ABOUT THIS TASK:
Working from the listing below, set down every line exactly.

RECORDS SHOWN:
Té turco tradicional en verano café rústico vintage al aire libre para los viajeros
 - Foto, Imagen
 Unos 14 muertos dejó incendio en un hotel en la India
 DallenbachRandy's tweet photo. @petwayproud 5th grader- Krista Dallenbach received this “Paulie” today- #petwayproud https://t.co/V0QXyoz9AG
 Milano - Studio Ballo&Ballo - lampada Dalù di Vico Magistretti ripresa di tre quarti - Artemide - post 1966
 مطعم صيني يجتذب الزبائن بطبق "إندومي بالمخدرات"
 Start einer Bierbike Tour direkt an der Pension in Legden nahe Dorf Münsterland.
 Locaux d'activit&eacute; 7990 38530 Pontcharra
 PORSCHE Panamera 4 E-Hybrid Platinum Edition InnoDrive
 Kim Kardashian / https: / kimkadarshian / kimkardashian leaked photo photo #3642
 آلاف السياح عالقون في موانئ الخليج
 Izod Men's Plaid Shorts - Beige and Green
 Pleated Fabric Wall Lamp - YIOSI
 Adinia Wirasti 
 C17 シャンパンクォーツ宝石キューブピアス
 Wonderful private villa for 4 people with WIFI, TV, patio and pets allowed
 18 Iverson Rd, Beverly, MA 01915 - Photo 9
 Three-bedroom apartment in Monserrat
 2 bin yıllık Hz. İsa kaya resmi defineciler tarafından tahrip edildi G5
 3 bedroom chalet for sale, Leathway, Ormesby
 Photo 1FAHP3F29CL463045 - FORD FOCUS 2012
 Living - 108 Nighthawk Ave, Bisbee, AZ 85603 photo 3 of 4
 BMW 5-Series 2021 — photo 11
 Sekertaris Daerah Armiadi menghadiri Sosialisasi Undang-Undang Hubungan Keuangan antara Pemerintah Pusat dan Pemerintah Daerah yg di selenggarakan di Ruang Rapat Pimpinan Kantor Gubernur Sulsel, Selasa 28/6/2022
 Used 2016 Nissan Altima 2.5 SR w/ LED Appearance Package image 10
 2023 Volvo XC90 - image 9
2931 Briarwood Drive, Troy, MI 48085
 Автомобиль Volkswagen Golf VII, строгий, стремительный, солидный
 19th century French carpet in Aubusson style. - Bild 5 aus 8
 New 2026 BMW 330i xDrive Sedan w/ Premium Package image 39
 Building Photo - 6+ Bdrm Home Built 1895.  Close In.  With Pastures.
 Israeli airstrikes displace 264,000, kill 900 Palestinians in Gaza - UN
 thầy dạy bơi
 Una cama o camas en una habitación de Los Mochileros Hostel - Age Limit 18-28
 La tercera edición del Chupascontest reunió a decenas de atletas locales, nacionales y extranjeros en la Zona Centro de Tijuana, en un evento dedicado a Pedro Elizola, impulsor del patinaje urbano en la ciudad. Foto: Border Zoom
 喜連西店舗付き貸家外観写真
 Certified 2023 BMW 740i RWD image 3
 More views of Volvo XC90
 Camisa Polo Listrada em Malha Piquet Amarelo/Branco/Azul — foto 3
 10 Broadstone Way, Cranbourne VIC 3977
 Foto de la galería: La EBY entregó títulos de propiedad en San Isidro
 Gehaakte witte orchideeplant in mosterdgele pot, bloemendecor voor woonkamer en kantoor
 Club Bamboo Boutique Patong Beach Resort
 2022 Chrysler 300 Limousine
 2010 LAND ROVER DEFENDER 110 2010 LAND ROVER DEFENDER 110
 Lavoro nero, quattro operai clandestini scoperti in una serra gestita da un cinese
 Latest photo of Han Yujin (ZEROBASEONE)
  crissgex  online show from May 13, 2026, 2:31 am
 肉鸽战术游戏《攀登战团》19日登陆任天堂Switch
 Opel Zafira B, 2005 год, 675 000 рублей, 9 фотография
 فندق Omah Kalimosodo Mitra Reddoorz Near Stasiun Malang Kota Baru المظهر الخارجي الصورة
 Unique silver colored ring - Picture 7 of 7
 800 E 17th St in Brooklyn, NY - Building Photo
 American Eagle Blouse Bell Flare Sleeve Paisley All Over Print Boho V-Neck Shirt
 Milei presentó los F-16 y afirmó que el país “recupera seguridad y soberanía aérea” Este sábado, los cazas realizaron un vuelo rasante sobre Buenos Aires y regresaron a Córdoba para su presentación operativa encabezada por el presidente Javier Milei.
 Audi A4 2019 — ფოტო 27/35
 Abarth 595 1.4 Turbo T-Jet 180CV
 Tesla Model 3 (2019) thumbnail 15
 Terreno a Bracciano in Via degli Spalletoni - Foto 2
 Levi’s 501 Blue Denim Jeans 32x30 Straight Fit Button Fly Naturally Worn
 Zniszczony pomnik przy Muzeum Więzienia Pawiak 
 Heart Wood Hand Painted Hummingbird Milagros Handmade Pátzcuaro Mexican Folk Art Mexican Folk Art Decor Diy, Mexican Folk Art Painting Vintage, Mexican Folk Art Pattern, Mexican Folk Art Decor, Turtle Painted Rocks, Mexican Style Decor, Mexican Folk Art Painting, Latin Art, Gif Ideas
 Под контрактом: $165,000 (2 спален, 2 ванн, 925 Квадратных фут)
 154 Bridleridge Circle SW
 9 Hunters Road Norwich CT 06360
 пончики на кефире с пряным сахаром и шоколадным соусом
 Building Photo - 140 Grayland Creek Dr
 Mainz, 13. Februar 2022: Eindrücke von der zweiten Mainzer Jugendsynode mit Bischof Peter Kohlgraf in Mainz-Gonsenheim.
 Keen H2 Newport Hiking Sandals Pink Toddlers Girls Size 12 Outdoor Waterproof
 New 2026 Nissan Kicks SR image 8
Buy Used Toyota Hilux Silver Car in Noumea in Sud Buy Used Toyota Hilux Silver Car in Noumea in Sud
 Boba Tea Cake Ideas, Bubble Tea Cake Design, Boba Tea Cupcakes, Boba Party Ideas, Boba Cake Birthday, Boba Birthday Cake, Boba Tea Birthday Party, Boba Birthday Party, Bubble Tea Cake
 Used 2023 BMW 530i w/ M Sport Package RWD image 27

THE COMPLETED TASK:
Té turco tradicional en verano café rústico vintage al aire libre para los viajeros
 - Foto, Imagen
 Unos 14 muertos dejó incendio en un hotel en la India
 DallenbachRandy's tweet photo. @petwayproud 5th grader- Krista Dallenbach received this “Paulie” today- #petwayproud https://t.co/V0QXyoz9AG
 Milano - Studio Ballo&Ballo - lampada Dalù di Vico Magistretti ripresa di tre quarti - Artemide - post 1966
 مطعم صيني يجتذب الزبائن بطبق "إندومي بالمخدرات"
 Start einer Bierbike Tour direkt an der Pension in Legden nahe Dorf Münsterland.
 Locaux d'activit&eacute; 7990 38530 Pontcharra
 PORSCHE Panamera 4 E-Hybrid Platinum Edition InnoDrive
 Kim Kardashian / https: / kimkadarshian / kimkardashian leaked photo photo #3642
 آلاف السياح عالقون في موانئ الخليج
 Izod Men's Plaid Shorts - Beige and Green
 Pleated Fabric Wall Lamp - YIOSI
 Adinia Wirasti 
 C17 シャンパンクォーツ宝石キューブピアス
 Wonderful private villa for 4 people with WIFI, TV, patio and pets allowed
 18 Iverson Rd, Beverly, MA 01915 - Photo 9
 Three-bedroom apartment in Monserrat
 2 bin yıllık Hz. İsa kaya resmi defineciler tarafından tahrip edildi G5
 3 bedroom chalet for sale, Leathway, Ormesby
 Photo 1FAHP3F29CL463045 - FORD FOCUS 2012
 Living - 108 Nighthawk Ave, Bisbee, AZ 85603 photo 3 of 4
 BMW 5-Series 2021 — photo 11
 Sekertaris Daerah Armiadi menghadiri Sosialisasi Undang-Undang Hubungan Keuangan antara Pemerintah Pusat dan Pemerintah Daerah yg di selenggarakan di Ruang Rapat Pimpinan Kantor Gubernur Sulsel, Selasa 28/6/2022
 Used 2016 Nissan Altima 2.5 SR w/ LED Appearance Package image 10
 2023 Volvo XC90 - image 9
2931 Briarwood Drive, Troy, MI 48085
 Автомобиль Volkswagen Golf VII, строгий, стремительный, солидный
 19th century French carpet in Aubusson style. - Bild 5 aus 8
 New 2026 BMW 330i xDrive Sedan w/ Premium Package image 39
 Building Photo - 6+ Bdrm Home Built 1895.  Close In.  With Pastures.
 Israeli airstrikes displace 264,000, kill 900 Palestinians in Gaza - UN
 thầy dạy bơi
 Una cama o camas en una habitación de Los Mochileros Hostel - Age Limit 18-28
 La tercera edición del Chupascontest reunió a decenas de atletas locales, nacionales y extranjeros en la Zona Centro de Tijuana, en un evento dedicado a Pedro Elizola, impulsor del patinaje urbano en la ciudad. Foto: Border Zoom
 喜連西店舗付き貸家外観写真
 Certified 2023 BMW 740i RWD image 3
 More views of Volvo XC90
 Camisa Polo Listrada em Malha Piquet Amarelo/Branco/Azul — foto 3
 10 Broadstone Way, Cranbourne VIC 3977
 Foto de la galería: La EBY entregó títulos de propiedad en San Isidro
 Gehaakte witte orchideeplant in mosterdgele pot, bloemendecor voor woonkamer en kantoor
 Club Bamboo Boutique Patong Beach Resort
 2022 Chrysler 300 Limousine
 2010 LAND ROVER DEFENDER 110 2010 LAND ROVER DEFENDER 110
 Lavoro nero, quattro operai clandestini scoperti in una serra gestita da un cinese
 Latest photo of Han Yujin (ZEROBASEONE)
  crissgex  online show from May 13, 2026, 2:31 am
 肉鸽战术游戏《攀登战团》19日登陆任天堂Switch
 Opel Zafira B, 2005 год, 675 000 рублей, 9 фотография
 فندق Omah Kalimosodo Mitra Reddoorz Near Stasiun Malang Kota Baru المظهر الخارجي الصورة
 Unique silver colored ring - Picture 7 of 7
 800 E 17th St in Brooklyn, NY - Building Photo
 American Eagle Blouse Bell Flare Sleeve Paisley All Over Print Boho V-Neck Shirt
 Milei presentó los F-16 y afirmó que el país “recupera seguridad y soberanía aérea” Este sábado, los cazas realizaron un vuelo rasante sobre Buenos Aires y regresaron a Córdoba para su presentación operativa encabezada por el presidente Javier Milei.
 Audi A4 2019 — ფოტო 27/35
 Abarth 595 1.4 Turbo T-Jet 180CV
 Tesla Model 3 (2019) thumbnail 15
 Terreno a Bracciano in Via degli Spalletoni - Foto 2
 Levi’s 501 Blue Denim Jeans 32x30 Straight Fit Button Fly Naturally Worn
 Zniszczony pomnik przy Muzeum Więzienia Pawiak 
 Heart Wood Hand Painted Hummingbird Milagros Handmade Pátzcuaro Mexican Folk Art Mexican Folk Art Decor Diy, Mexican Folk Art Painting Vintage, Mexican Folk Art Pattern, Mexican Folk Art Decor, Turtle Painted Rocks, Mexican Style Decor, Mexican Folk Art Painting, Latin Art, Gif Ideas
 Под контрактом: $165,000 (2 спален, 2 ванн, 925 Квадратных фут)
 154 Bridleridge Circle SW
 9 Hunters Road Norwich CT 06360
 пончики на кефире с пряным сахаром и шоколадным соусом
 Building Photo - 140 Grayland Creek Dr
 Mainz, 13. Februar 2022: Eindrücke von der zweiten Mainzer Jugendsynode mit Bischof Peter Kohlgraf in Mainz-Gonsenheim.
 Keen H2 Newport Hiking Sandals Pink Toddlers Girls Size 12 Outdoor Waterproof
 New 2026 Nissan Kicks SR image 8
Buy Used Toyota Hilux Silver Car in Noumea in Sud Buy Used Toyota Hilux Silver Car in Noumea in Sud
 Boba Tea Cake Ideas, Bubble Tea Cake Design, Boba Tea Cupcakes, Boba Party Ideas, Boba Cake Birthday, Boba Birthday Cake, Boba Tea Birthday Party, Boba Birthday Party, Bubble Tea Cake
 Used 2023 BMW 530i w/ M Sport Package RWD image 27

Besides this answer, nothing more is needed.